En 1697, Vachon de Belmont (déjà connu des Iroquois sous le sobriquet de Soutane de fer ou Robe de fer) procède à l’évangélisation des autochtones au Sault-au-Récollet, où il fait ériger un fort semblable au Fort Belmont, baptisé Fort Lorette Le site choisi par Vachon de Belmont se trouvait sur le parcours de canotage des Iroquois et c’était alors leur point d’entrée sur l’île. Outre sa fonction militaire qui assurait une présence française sur la rivière des Prairies, le fort devait devenir le siège « culturel et d’enseignement » de la mission. On y fournissait hébergement, nourriture et « sécurité » pour les autochtones convertis au christianisme.

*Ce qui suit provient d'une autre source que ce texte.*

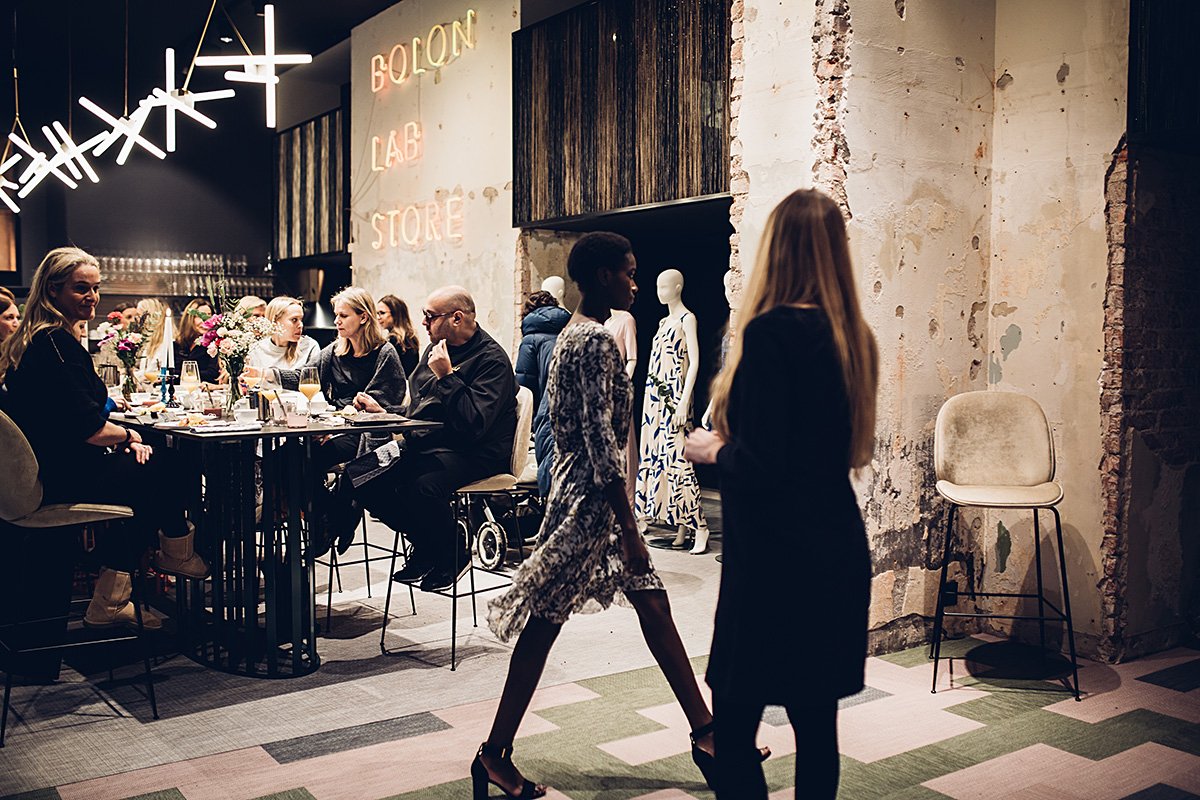 Virtumannequins's tweet photo. PURE at the #ResidusMediaBreakfast
Photo Credits: Sandra Frööjd
Mannequins: PURE with head PAM
https://t.co/MyfTauZF8S
#mannequins #sustainablefashion #residusofficial #visualmerchandizing #visualmerchandsing #sustainability https://t.co/DkXXhg5oRj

Au fil des ans, on y construisit l’église de Notre-Dame de la Lorette, la maison des missionnaires, la maison des Sœurs de la Congrégation Notre-Dame, ainsi qu’une bâtisse qui semble avoir été un dépôt pour les produits apportés par des fermiers.
Au XVIIIe siècle, le Fort Lorette fut utilisé comme centre de détention des prisonniers anglais. Le prisonnier le plus connu du Fort Lorette est peut-être Matthias Farnsworth, plus connu sous le nom de Claude-Matthias Faneuf, captif au Fort Lorette vers la fin du XVIIe siècle. Après sa libération, il choisit de demeurer à la mission du Sault-au-Récollet pour l’amour de la belle Catherine Charpentier.
En 1704, alors qu’il était âgé de 14 ans, Matthias Farnsworth a été enlevé par des Amérindiens de Sault-au-Récollet pendant une expédition franco-amérindienne contre les
colons de la Nouvelle-Angleterre. Deux ans plus tard, il a été racheté par le sulpicien François Vachon de Belmont. La même année, il a été baptisé sous le nom de Claude-
Mathias Farneth, puis il a adopté le nom de Faneuf à son mariage. Ce n’est qu’en 1755, après plusieurs transformations, qu’on a vu apparaître le nom Phaneuf, avec l’orthographe qu’on connaît aujourd’hui. Catherine Charpentier, fille de Jean Charpentier et de Françoise Huneau, est née vers 1692. Son mariage avec Mathias a eu lieu à Rivière-des-Prairies en 1717. Ils ont eu 12 enfants, dont six garçons qui ont perpétué la lignée. La famille s’est installée à Saint-Antoine-sur- Richelieu en 1764.